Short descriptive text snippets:
________________
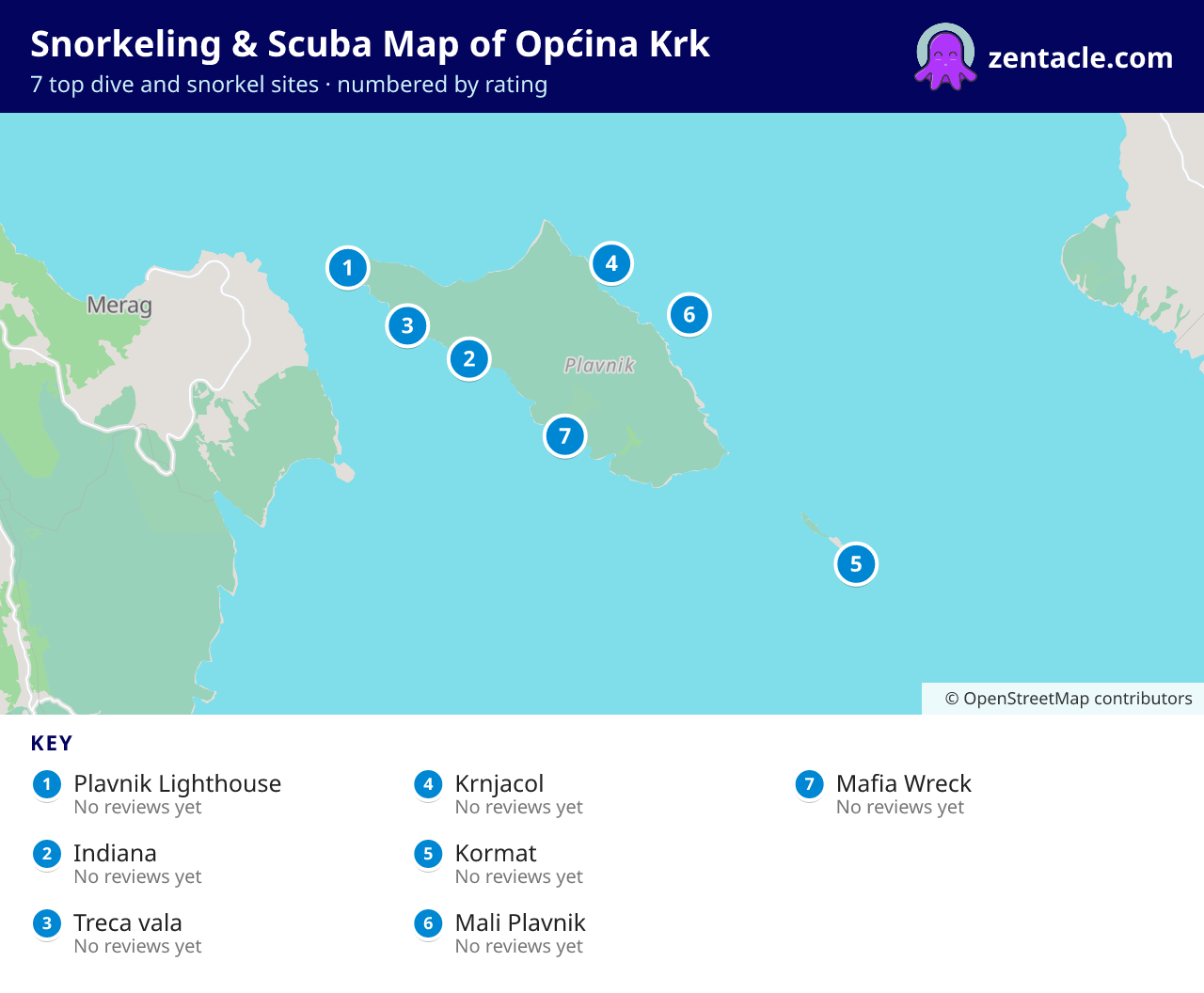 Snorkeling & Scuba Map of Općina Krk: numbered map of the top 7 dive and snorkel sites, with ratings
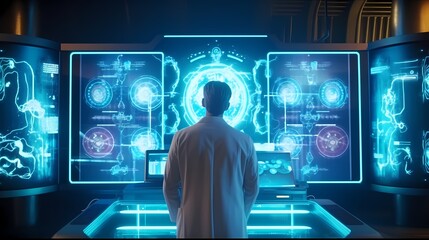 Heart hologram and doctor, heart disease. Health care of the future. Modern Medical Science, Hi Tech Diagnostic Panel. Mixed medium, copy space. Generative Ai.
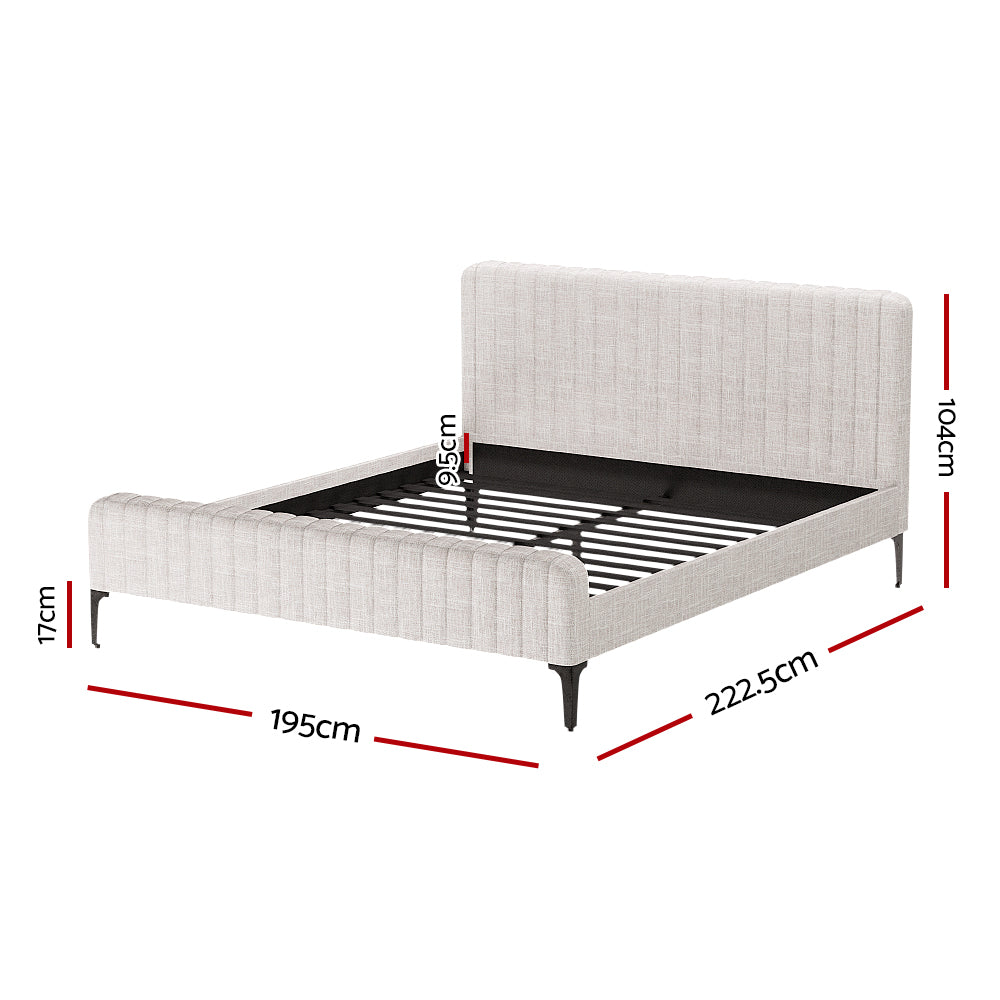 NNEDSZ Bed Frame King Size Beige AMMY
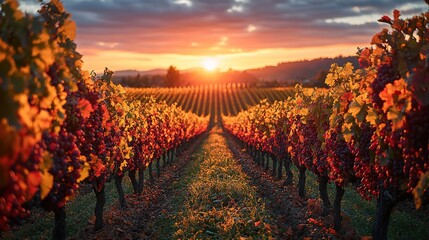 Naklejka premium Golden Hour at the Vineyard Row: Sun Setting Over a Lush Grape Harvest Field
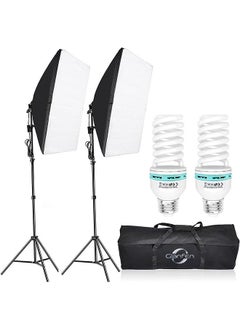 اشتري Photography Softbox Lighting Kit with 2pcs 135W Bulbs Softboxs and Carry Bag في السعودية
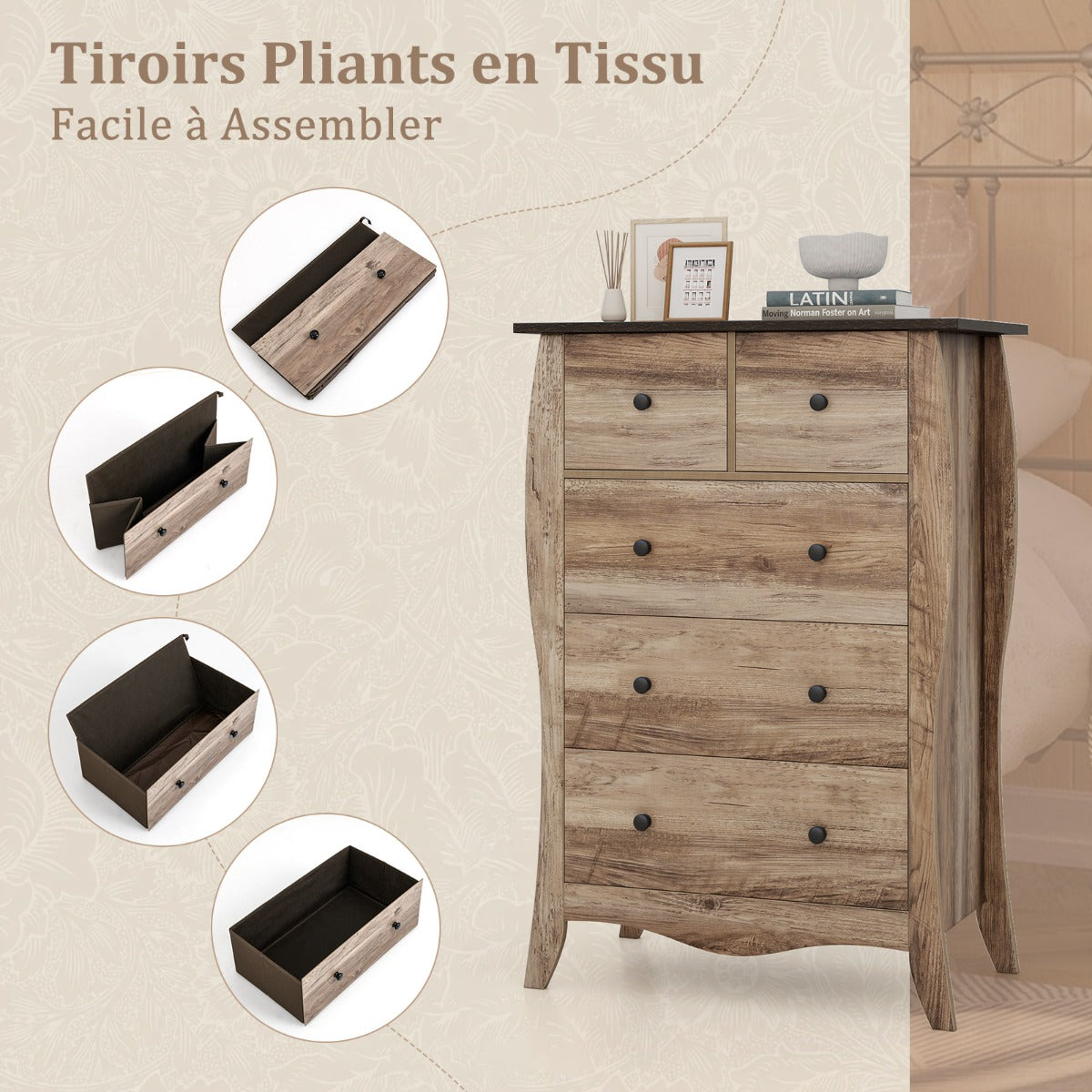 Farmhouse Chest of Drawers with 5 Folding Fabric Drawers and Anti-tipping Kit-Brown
________________
Print once more, exactly, the lines that start at the top of the records above and end at the line with "اشتري Photography Softbox", skipping all pictures.

 Snorkeling & Scuba Map of Općina Krk: numbered map of the top 7 dive and snorkel sites, with ratings
 Heart hologram and doctor, heart disease. Health care of the future. Modern Medical Science, Hi Tech Diagnostic Panel. Mixed medium, copy space. Generative Ai.
 NNEDSZ Bed Frame King Size Beige AMMY
 Naklejka premium Golden Hour at the Vineyard Row: Sun Setting Over a Lush Grape Harvest Field
 اشتري Photography Softbox Lighting Kit with 2pcs 135W Bulbs Softboxs and Carry Bag في السعودية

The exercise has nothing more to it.